By studying Patanjali’s Yoga Sutras, we find that he speaks very little about nidrâ. According to the translators – because there is always the question of translation, more than 35 in French and several hundred in English – nidrâ is taken in the sense of sleep. Pantajali presents it as an obstacle to Yoga (union – liberation). It is possible, however, that Patanjali wanted to signify the absence of attention.

In the Tantric Shaivite ways, the existence of a state beyond the waking and sleep is proclaimed, in which the state of nidra is somehow the gateway. There is also a very deep, almost secretive, teaching on sleep breathing that refers to prananidra, which connects a very subtle form of pranayama within one of the states of deep sleep without dreams, which is studied in very advanced nidra yoga practices.

This teaching strongly emphasizes this point that the reason for pranayama is to trigger sleep breathing. It is a breathing mode that one has when one is in deep sleep but while remaining awake, vigilant and attentive. In this mode, there are always inhalations and exhalations, suspensions at full lungs and empty lungs. But we are speaking of another type of suspension in which the sleeper loses consciousness of his identity, the consciousness of being separated from the rest of the world, lives and discovers this state of Unity called liberation or enlightenment.

Access to this state is quite rare because its approach often triggers internal experiences of all kinds that most of the time disturb the tranquility of observation and maintain a kind of attachment or identification. We have the impression that something happens to us personally: this inner experience pleases me, it is interesting, or it makes me questions … but above all, it creates the feeling that there is someone whom I call ME who is experiencing an experience. And this division, triggered by this inner experience between me and the object of experience, distances me greatly from this possibility of liberation, from the state of union. And this is where the learning process of Nidrâ Yoga is. It is about gradually deconstructing the identification processes that are numerous and very powerful. These are very old conditionings that are not only personal, but also conditionings inscribed in the human psyche. They must be deconstructed in order to be less caught by an inner experience and not to engage in immediate identification. It must also be understood that any inner experience is the elimination of a congestion contained in memory..

Here we are very far from Patanjali’s point of view which considers nidrâ, as sleep according to the translations, an obstacle to liberation.

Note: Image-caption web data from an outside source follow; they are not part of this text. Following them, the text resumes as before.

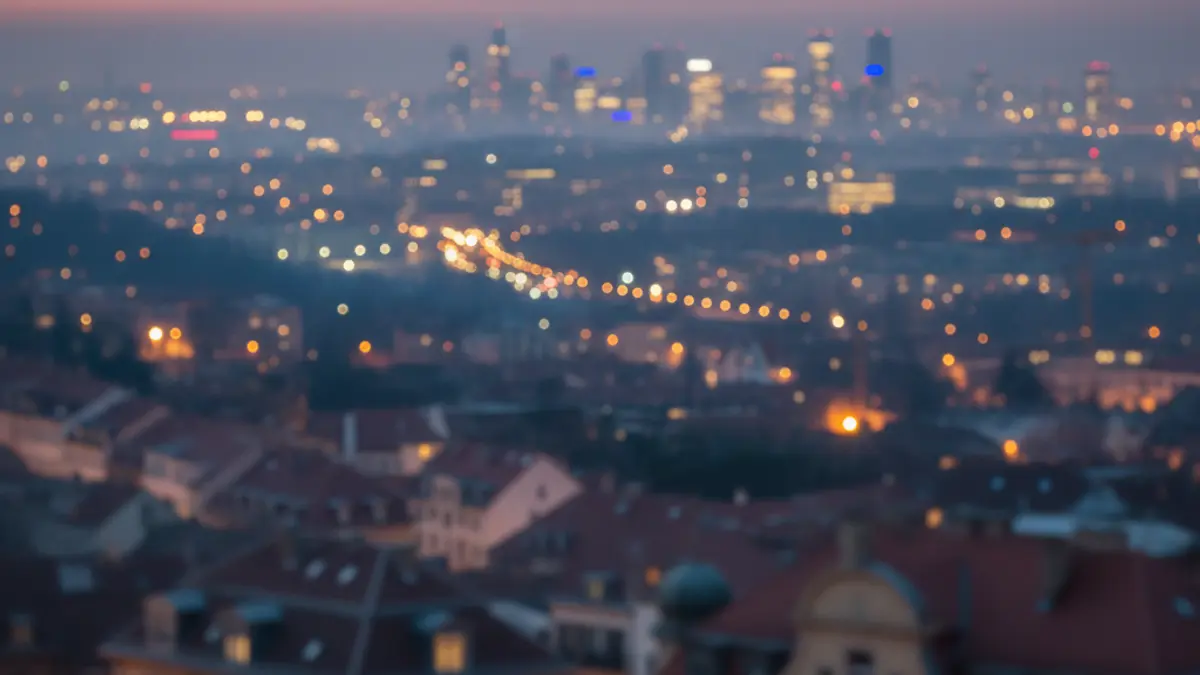 Generic image of an urban landscape at dusk, with city lights and building silhouettes.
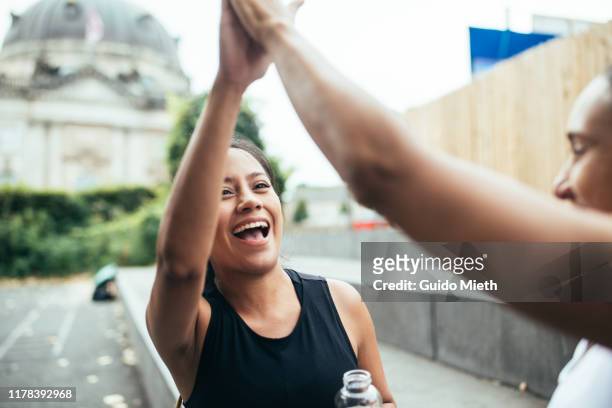 two women giving high five after workout challenge. - no ordinary love stockfoto's en -beelden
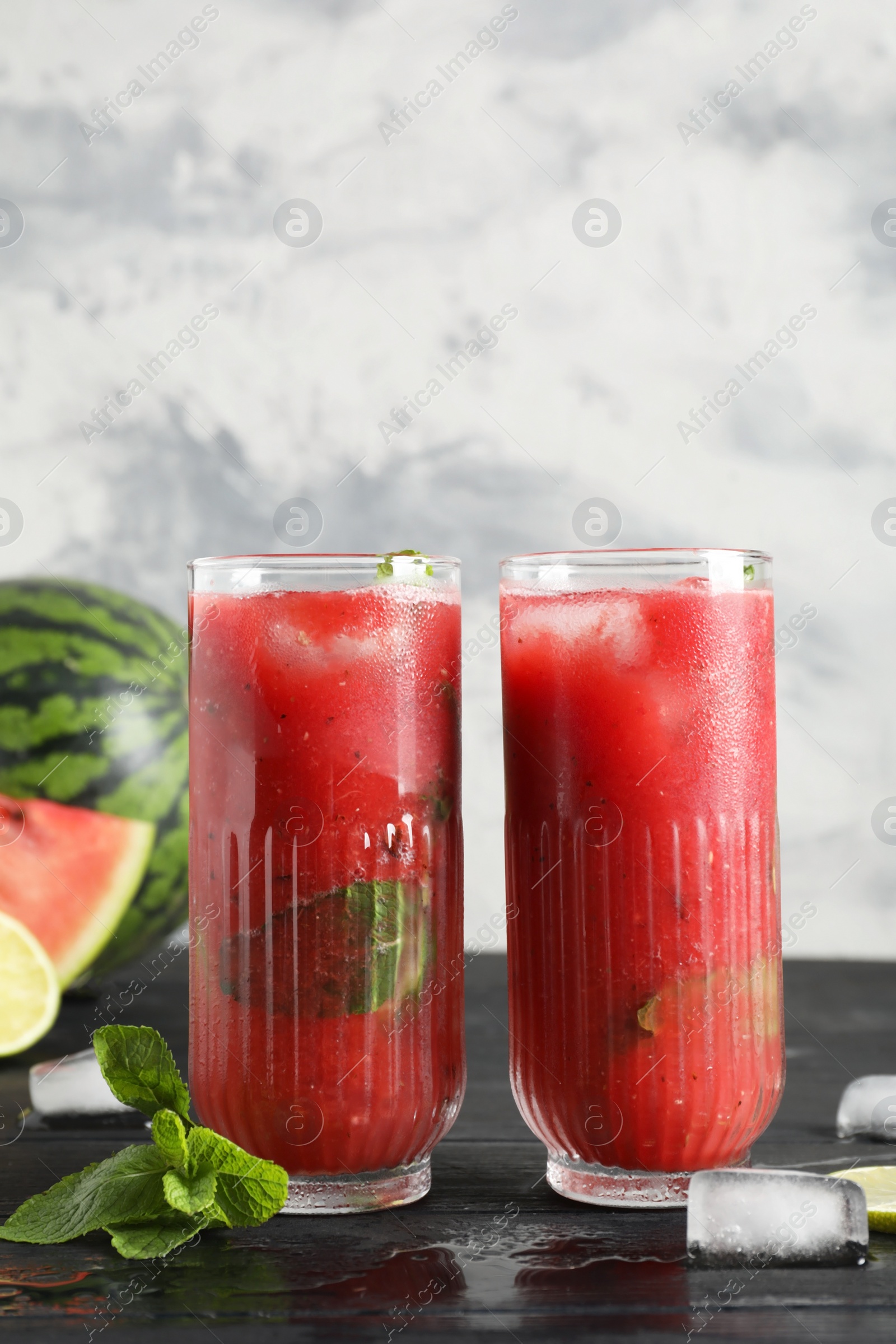 Photo of Glasses of delicious fresh watermelon juice, lime, mint and ice on black wooden table against textured wall. Space for text
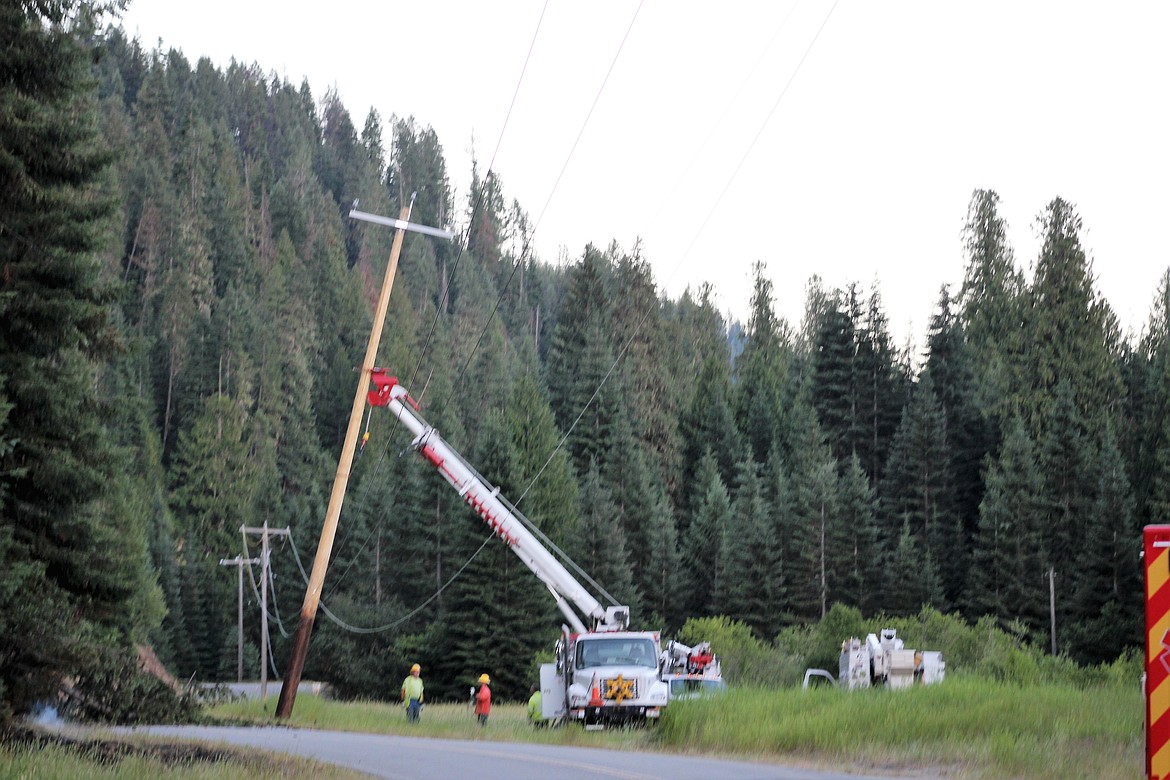 A new power pole is installed with the hopes of returning power to the Prichard/Murray area soon.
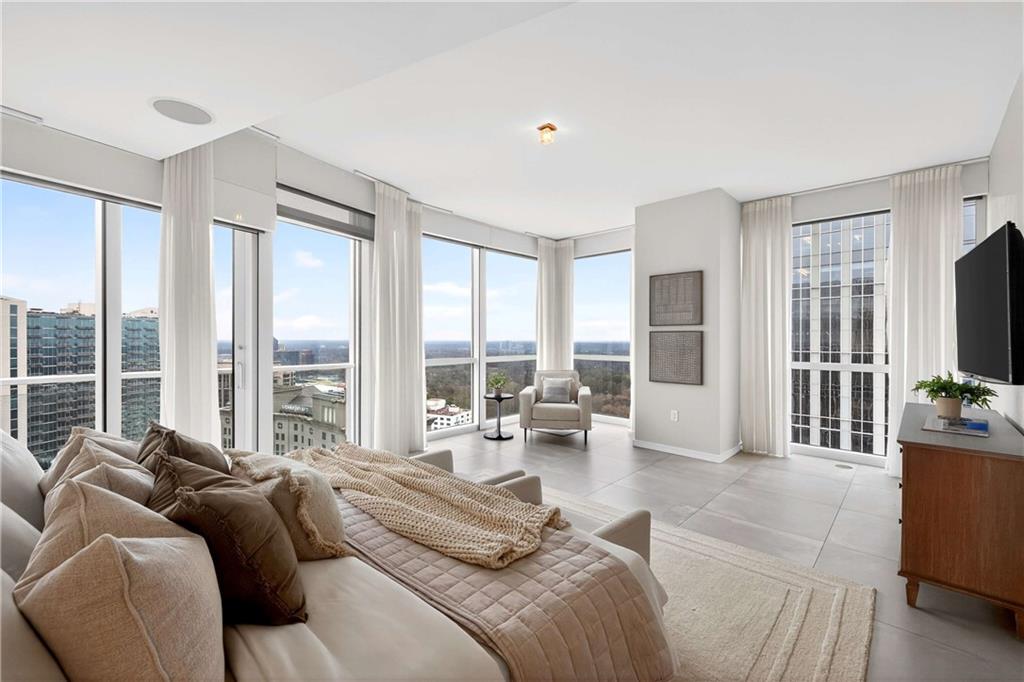 3325 Piedmont Road Northeast, Unit 2804 Atlanta, GA 30305 - Photo 27 of 65 a living room with furniture and large windows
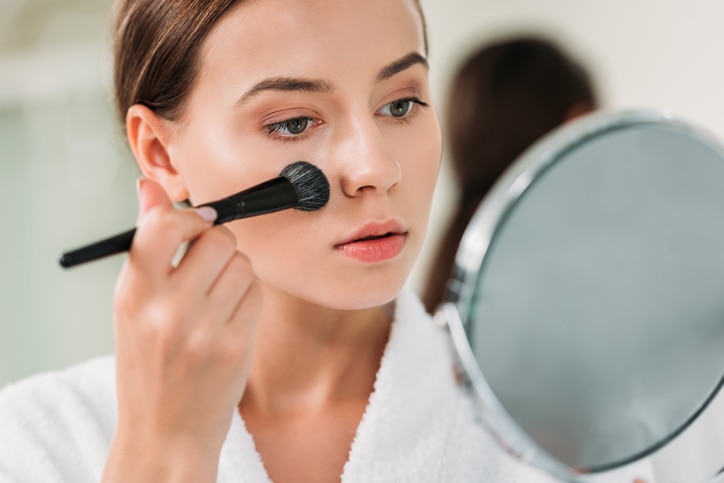 beautiful young woman in bathrobe applying makeup and looking at mirror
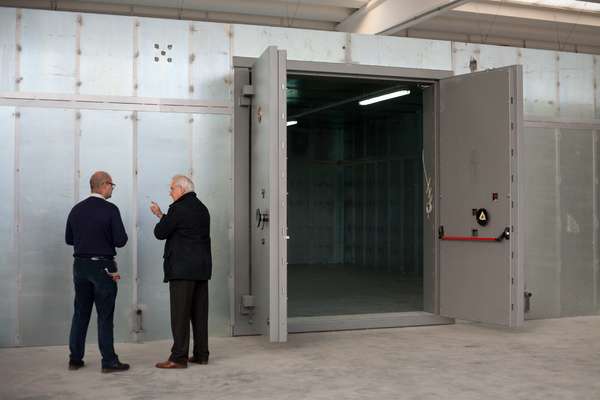 Giorgio Amedeo (right) inspects assembly of a vault on-site at a firm that stores and transports artworks in Milan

We are here completely opposite to this point of view, affirming that it is possible to return consciously in the process of sleep. And it is possible in this process to dissect the conditioning of the human mind that is not only personal. In the process of deconditioning the human mind, it may happen that there are flashes of non-identification where this evidence of unity occurs; this arises only because conditioned memories which have produced the phenomenon of identification have been released.

Liberation consists in deconstructing the chains that condition us. It lies in removing veils and opacities preventing us from perceiving our true nature. While in Patanjali’s translations, one can understand that there is something to be achieved, on the contrary in the tantric way, one insists on the assertion that there is nothing to achieve. We essentially have to declutter the conditionings. This decluttering reveals that we are LIFE itself. We do not attain it.